• _THE RECORDS_
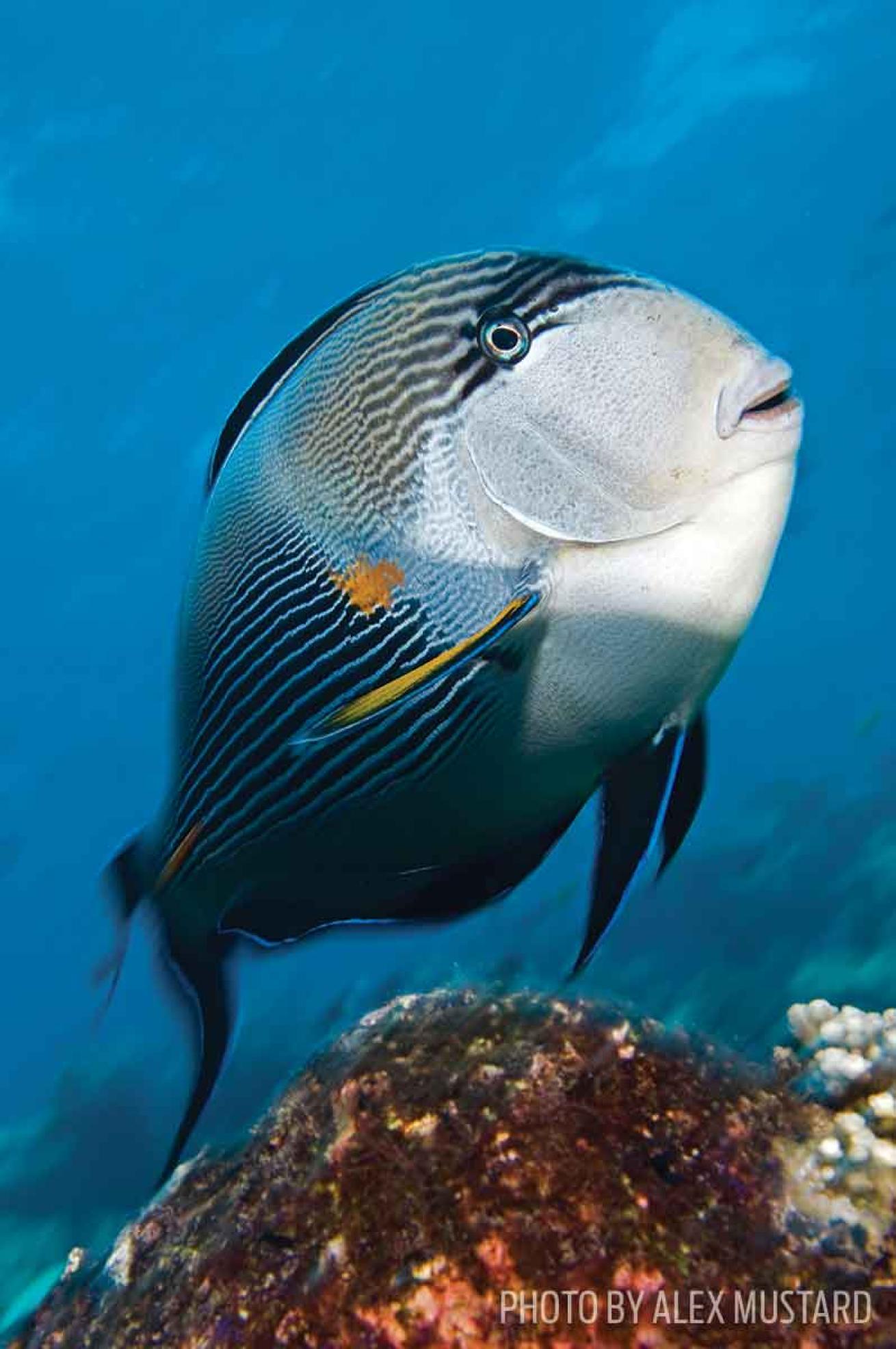 telephoto lens technique underwater
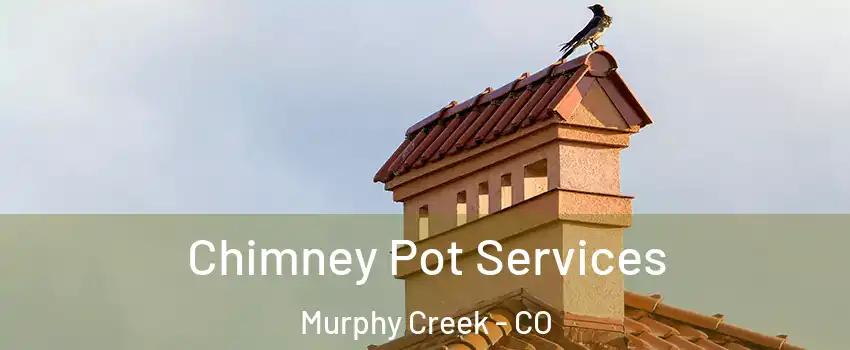 Chimney Pot Services Murphy Creek - CO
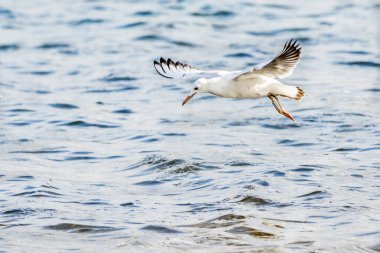 İnce gagalı martı (larus genei) Valencia doğal parkının Albufera 'sında uçuyor, Valencia, İspanya.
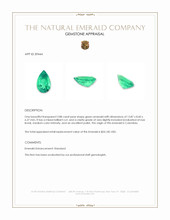 3.88 Ct. Emerald from Colombia Appraisal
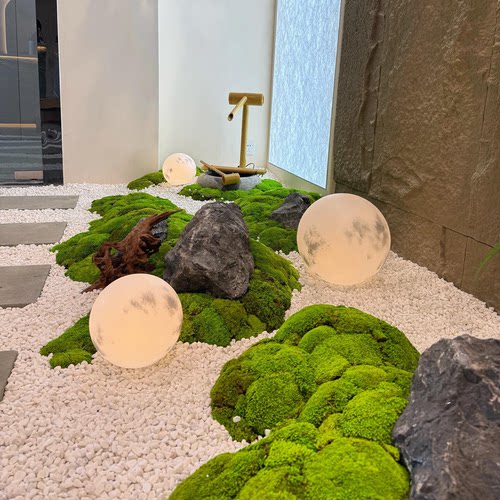 天然永生苔藓室内软装造景铺面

• _TASK ITEM_
Copy the data above word for word. Pictures stay out.

• _TASK SOLUTION_
 telephoto lens technique underwater
 Chimney Pot Services Murphy Creek - CO
 İnce gagalı martı (larus genei) Valencia doğal parkının Albufera 'sında uçuyor, Valencia, İspanya.
 3.88 Ct. Emerald from Colombia Appraisal
 天然永生苔藓室内软装造景铺面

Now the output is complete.